Lo stile Liberty di case, giardini e strade ariose disegnate ad angolo nel quartiere di Santa María la Rivera, a Città del Messico, è uno di quelli che meglio ci permette di valutare l'architettura dell'ultima era porfiriana.

Questa zona un tempo aristocratica è attualmente delimitata dai viali dell'Instituto Técnico Industrial, Insurgentes Norte, Río Consulado e Rivera de San Cosme, tutte strade veloci e moderne che contrastano con l'idea di progresso che si aveva all'epoca della fondazione di Santa María. .

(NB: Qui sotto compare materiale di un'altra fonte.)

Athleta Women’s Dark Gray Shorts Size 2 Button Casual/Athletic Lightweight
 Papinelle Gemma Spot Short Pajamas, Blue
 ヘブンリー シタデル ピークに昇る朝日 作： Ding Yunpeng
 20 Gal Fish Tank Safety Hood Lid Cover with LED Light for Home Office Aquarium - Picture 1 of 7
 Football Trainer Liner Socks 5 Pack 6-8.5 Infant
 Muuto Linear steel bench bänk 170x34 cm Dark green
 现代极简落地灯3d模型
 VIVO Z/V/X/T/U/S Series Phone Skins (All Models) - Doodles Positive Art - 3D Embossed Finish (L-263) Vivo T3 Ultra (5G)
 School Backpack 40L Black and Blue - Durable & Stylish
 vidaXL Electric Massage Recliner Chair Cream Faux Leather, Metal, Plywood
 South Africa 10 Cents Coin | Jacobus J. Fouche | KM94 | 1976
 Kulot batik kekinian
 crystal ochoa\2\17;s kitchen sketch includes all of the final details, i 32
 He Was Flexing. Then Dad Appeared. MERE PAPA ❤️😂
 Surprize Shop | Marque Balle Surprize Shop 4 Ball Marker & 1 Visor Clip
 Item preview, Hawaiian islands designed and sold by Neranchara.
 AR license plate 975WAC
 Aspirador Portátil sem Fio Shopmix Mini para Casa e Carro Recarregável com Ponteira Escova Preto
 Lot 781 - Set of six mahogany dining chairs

E per cominciare, potremmo dire che in via Jaime Torres Bodet, al numero 176, sorge un edificio in stile Liberty le cui finestre piombate che presentano paesaggi nazionali sono espressione del più puro stile francese. È il Museo dell'Istituto di Geologia dell'UNAM. La sua facciata vanta interessanti lavori di cava, i cui rilievi mostrano fossili di conchiglie e rettili, oltre ad ammoniti sotto i tre archi all'ingresso. Nell'atrio, una splendida scala a due rampe - decorata con fiori e foglie d'acanto stilizzate si riflette sui pavimenti in marmo grazie alla luce diffusa dall'immensa cupola del soffitto.

L'esistenza di questo recinto è dovuta alla Commissione geologica del Messico, fondata il 26 maggio 1886 e anni dopo organizzata come Istituto, che ritenne essenziale creare una sede per ospitare la conoscenza di questo ramo e ordinò la costruzione dell'edificio.

Il progetto è stato curato dal geologo José Guadalupe Aguilera e dall'architetto Carlos Herrera López. Il primo ha progettato i laboratori e le sale espositive permanenti e il secondo si è occupato della costruzione stessa.

Così, nel 1900, fu posta la prima pietra dell'edificio e nel settembre 1906 fu ufficialmente inaugurato. Il 16 novembre 1929 entrò a far parte dell'Università Nazionale quando ne fu dichiarata l'autonomia e nel 1956, quando l'Istituto di Geologia si trasferì nella Città Universitaria, rimase esclusivamente come museo. Questo nuovo adattamento è stato diretto dall'architetto Herrera e Antonio del Castillo.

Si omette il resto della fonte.